What this task involves. Produce exactly the lines from the one holding "Fiberglass Entry Door" through the last line of the data below, with every picture left out.

Provided data.
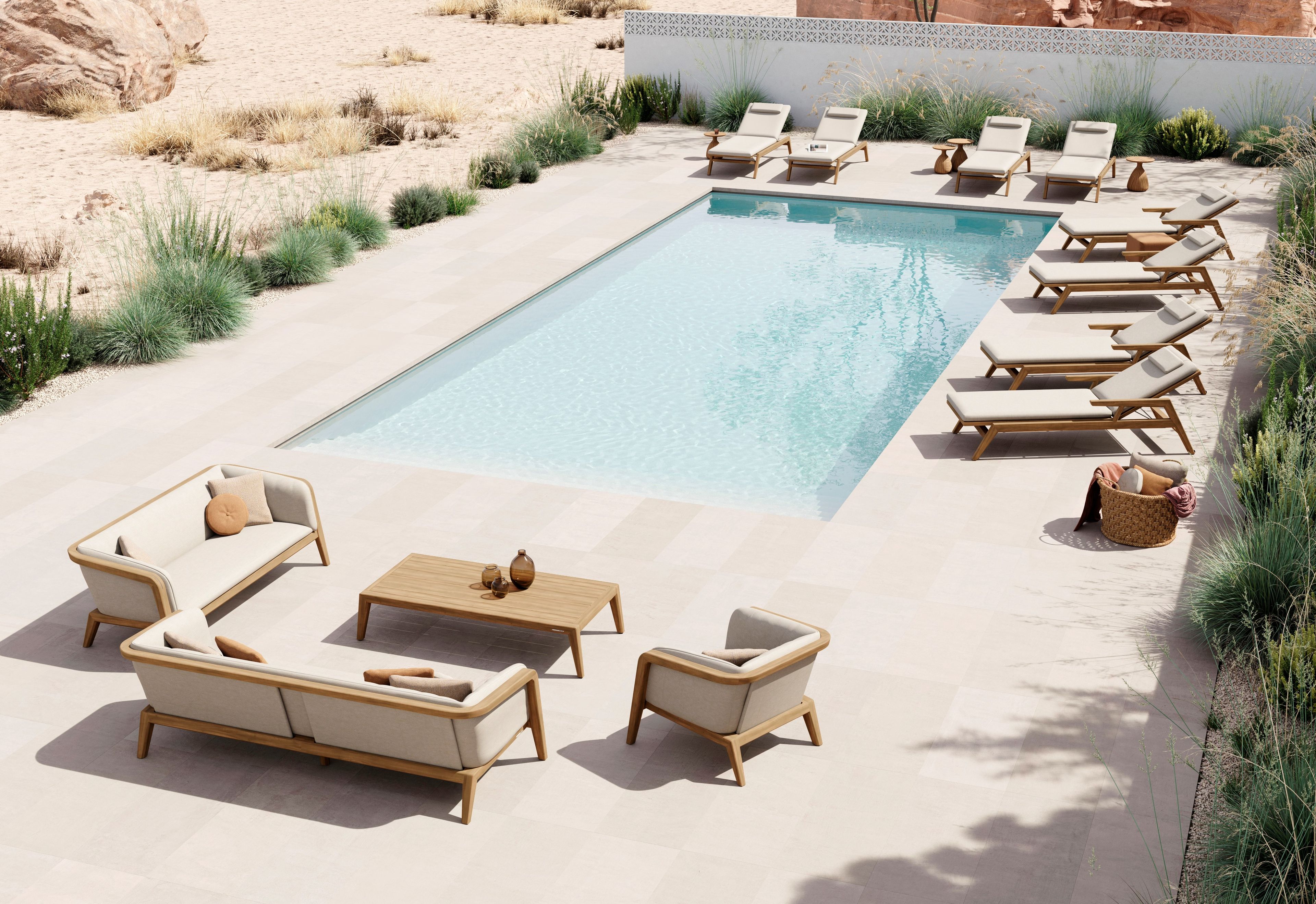 Низкий квадратный стол из тикового дерева MANUTTI Sunrise ARCH-00130715 - Вид №1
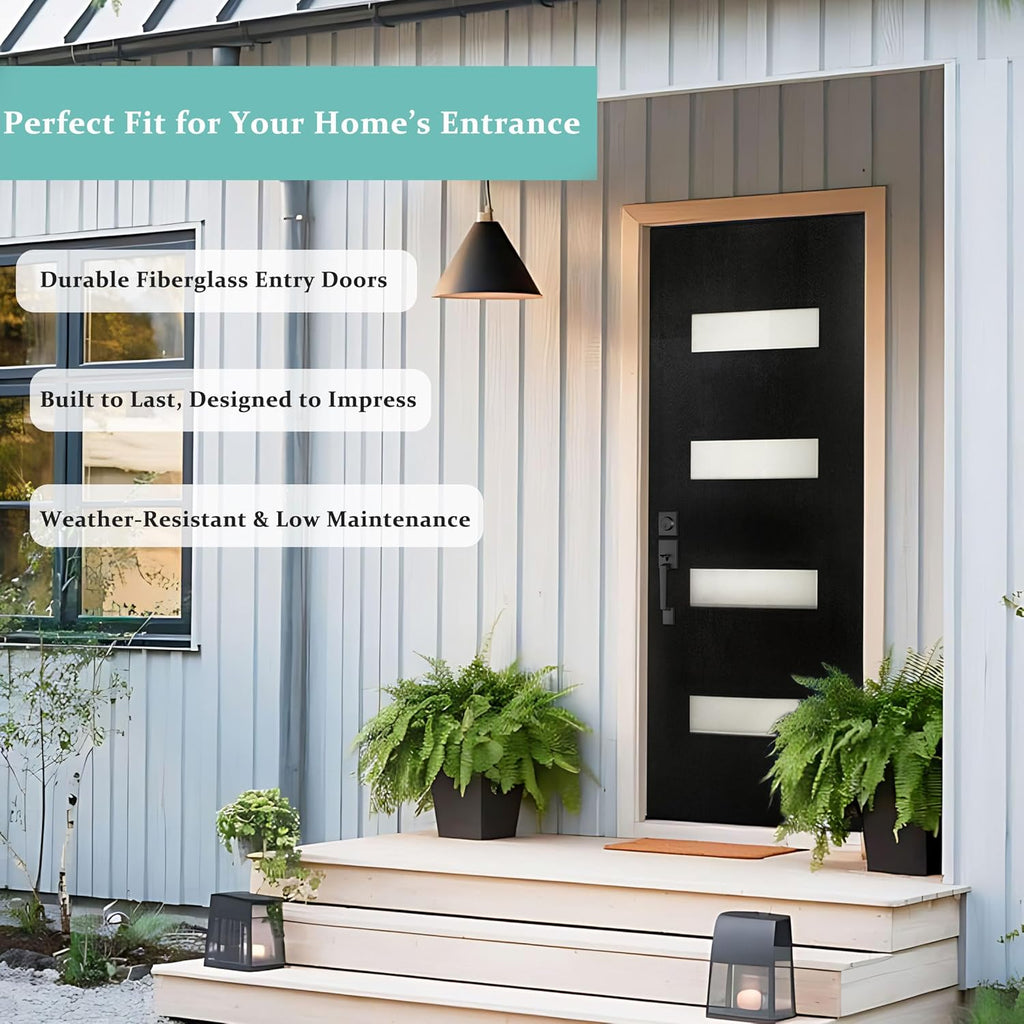 Fiberglass Entry Door 36x80'', French Exterior Door Right Hand Inswing Black Finished Frosted Glass Knock-Down Door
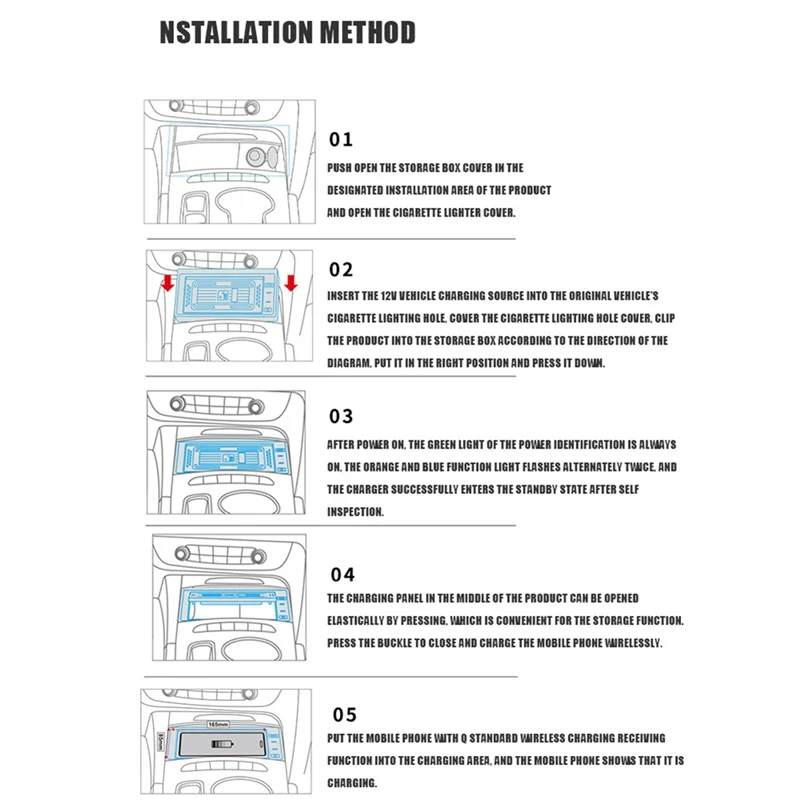 

QI Phone Charger Charging Pad Phone Holder For Buick Regal For Opel Insignia 2017-2022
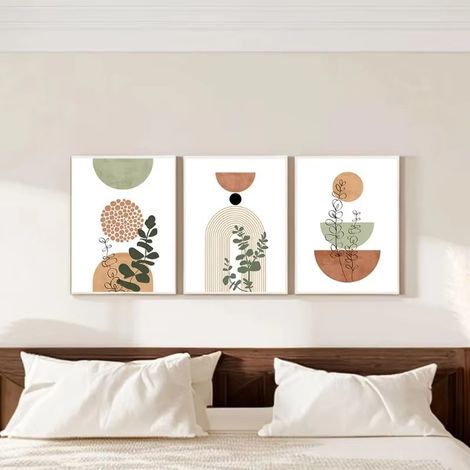 JSSEVN-Lot de 3 posters muraux, imprimés de feuille botanique, modernes, abstraits, sans cadre, 20 x 30 cm (1/4)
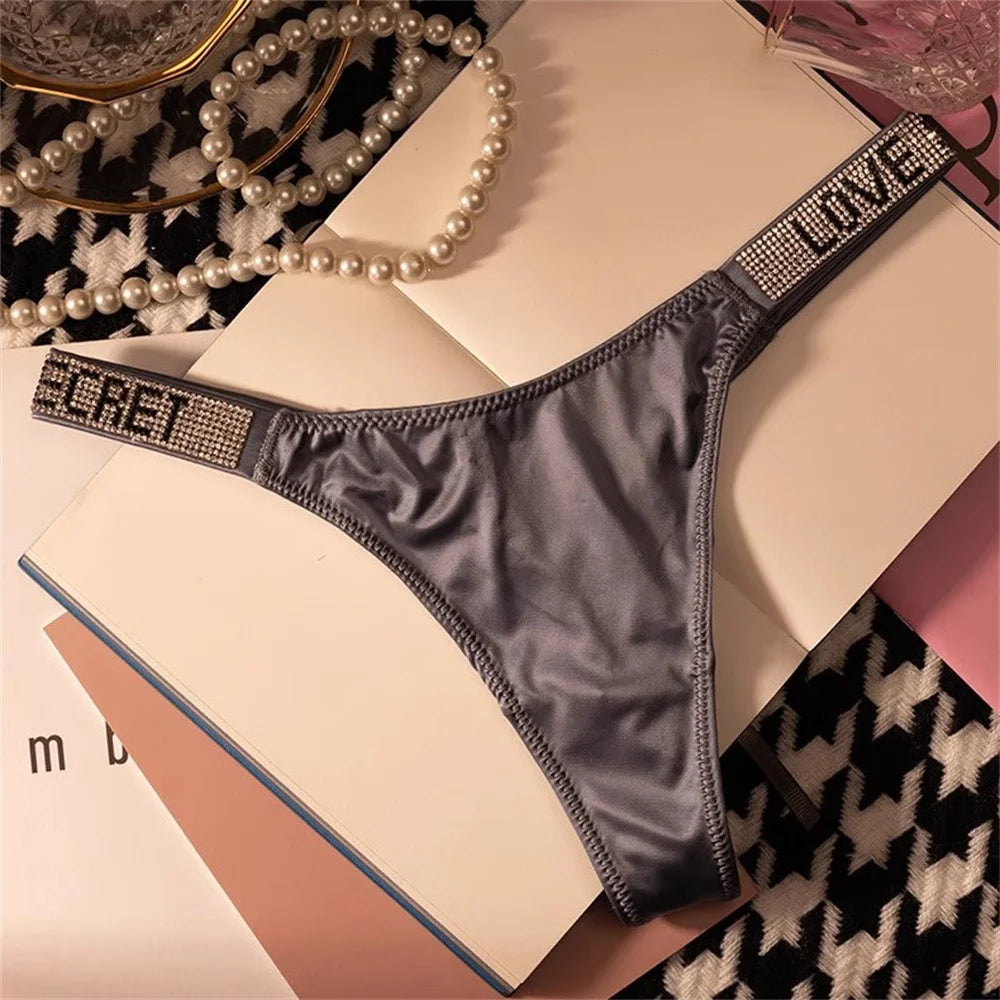 Wine Red/Leopard Sexy Shinning Rhinestone Thong Women's Seamless Underwear Sexy Sports Ladies Plus-size T-back Panties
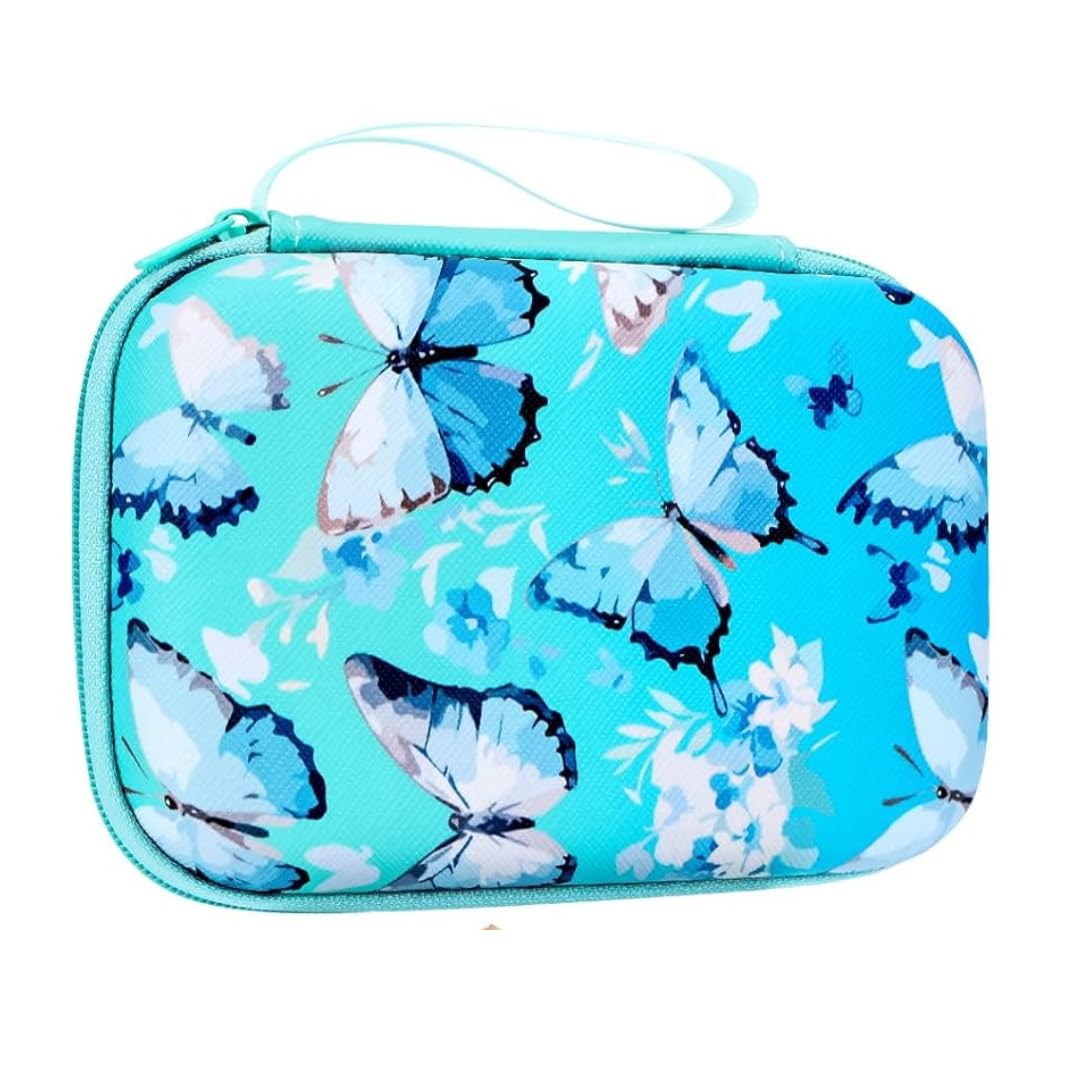 Lp External Hard Drive Portable Carrying Case, Blue White Butterfly
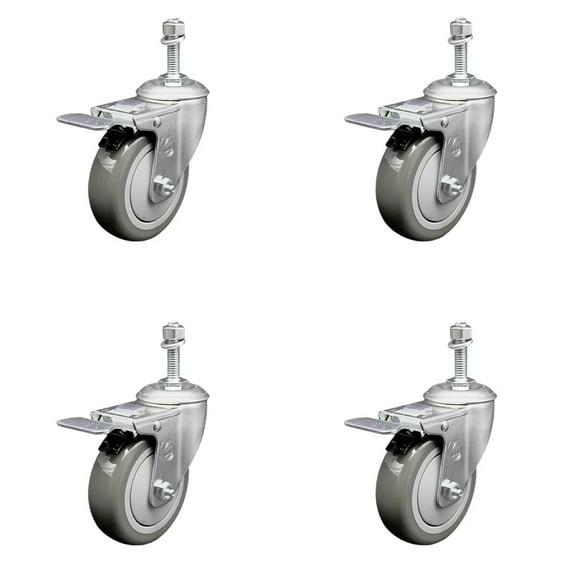 4 Inch Gray Polyurethane Swivel 3/8 Inch Stem Caster Set with Total Lock Brake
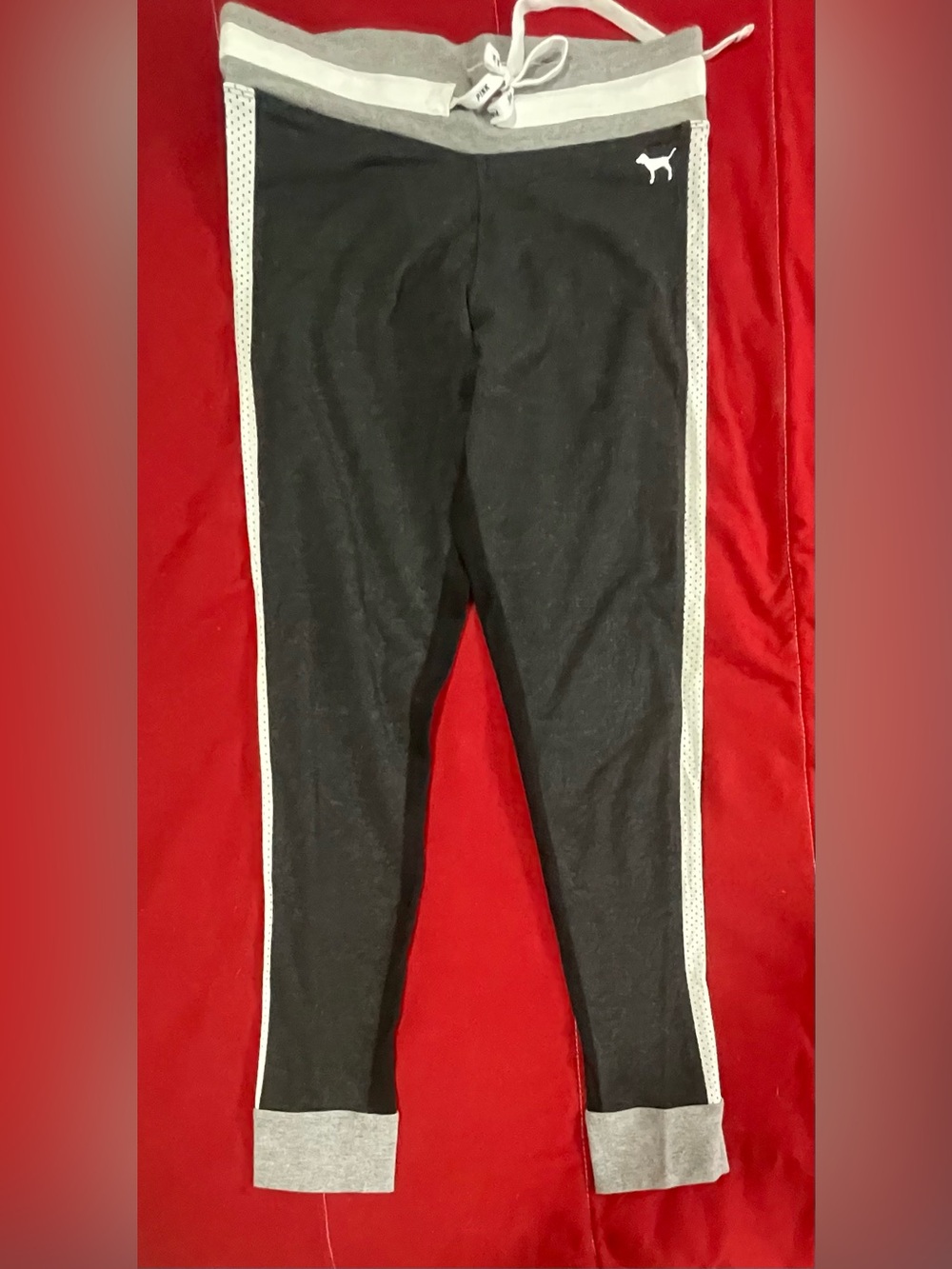 PINK Victoria's Secret Black Leggings with Gray Waistband & White Stripes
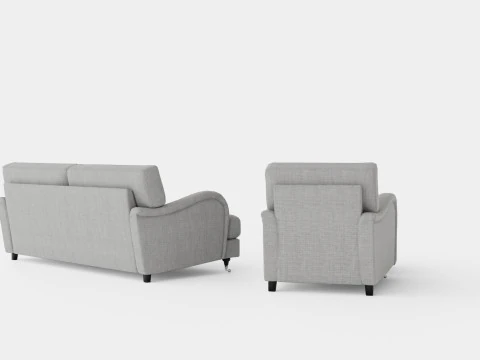 Howard Classic Sofa Group 3 5 Seater Armchair Footstool Gray 3D Model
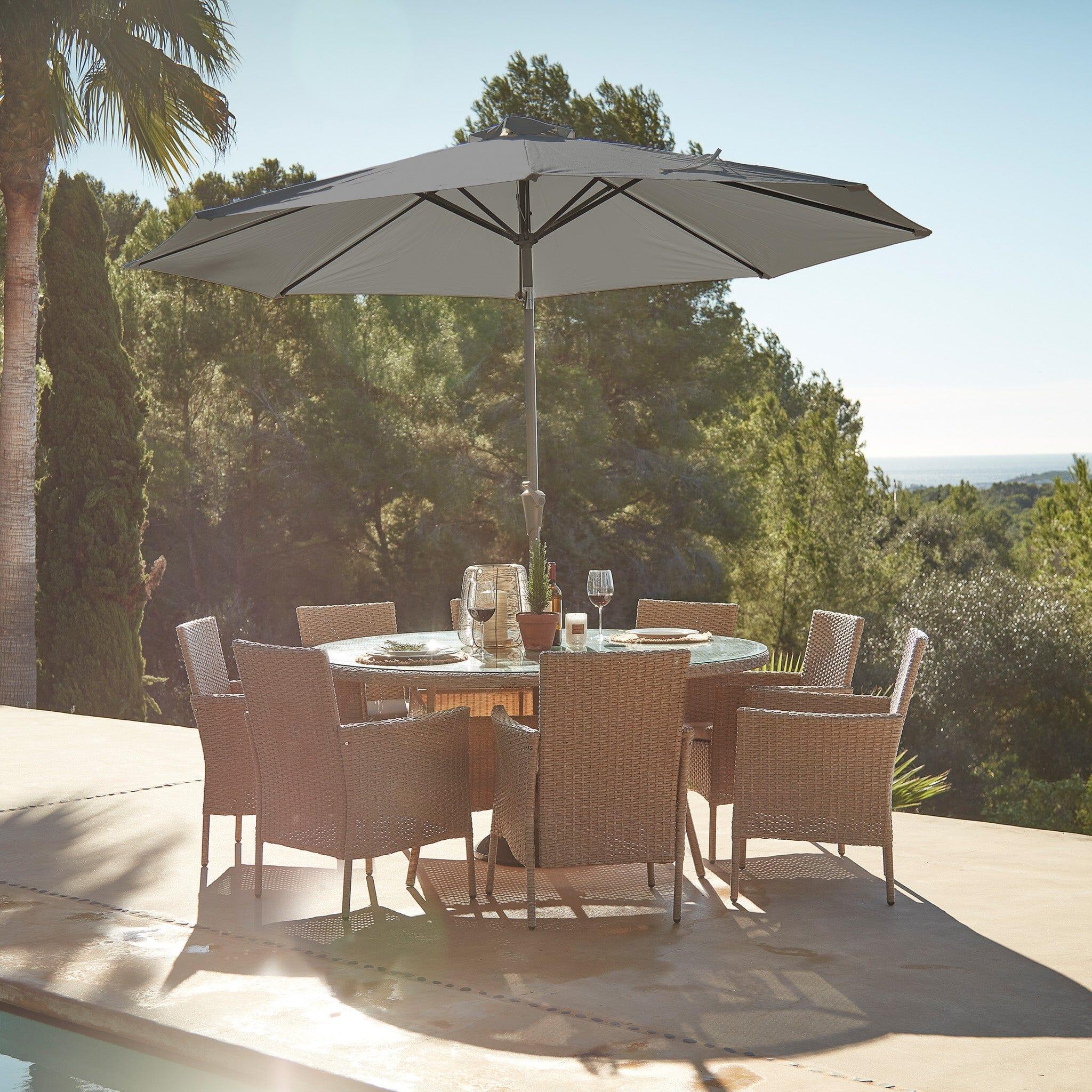 Kemble Seater Rattan Round Garden Dining Set with Grey Parasol - Main Image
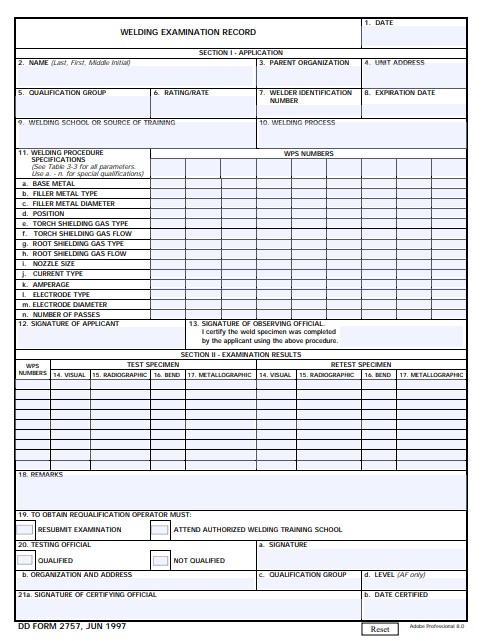 DD Form 2757 form preview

Result of this exercise.
 Fiberglass Entry Door 36x80'', French Exterior Door Right Hand Inswing Black Finished Frosted Glass Knock-Down Door

QI Phone Charger Charging Pad Phone Holder For Buick Regal For Opel Insignia 2017-2022
 JSSEVN-Lot de 3 posters muraux, imprimés de feuille botanique, modernes, abstraits, sans cadre, 20 x 30 cm (1/4)
 Wine Red/Leopard Sexy Shinning Rhinestone Thong Women's Seamless Underwear Sexy Sports Ladies Plus-size T-back Panties
 Lp External Hard Drive Portable Carrying Case, Blue White Butterfly
 4 Inch Gray Polyurethane Swivel 3/8 Inch Stem Caster Set with Total Lock Brake
 PINK Victoria's Secret Black Leggings with Gray Waistband & White Stripes
 Howard Classic Sofa Group 3 5 Seater Armchair Footstool Gray 3D Model
 Kemble Seater Rattan Round Garden Dining Set with Grey Parasol - Main Image
 DD Form 2757 form preview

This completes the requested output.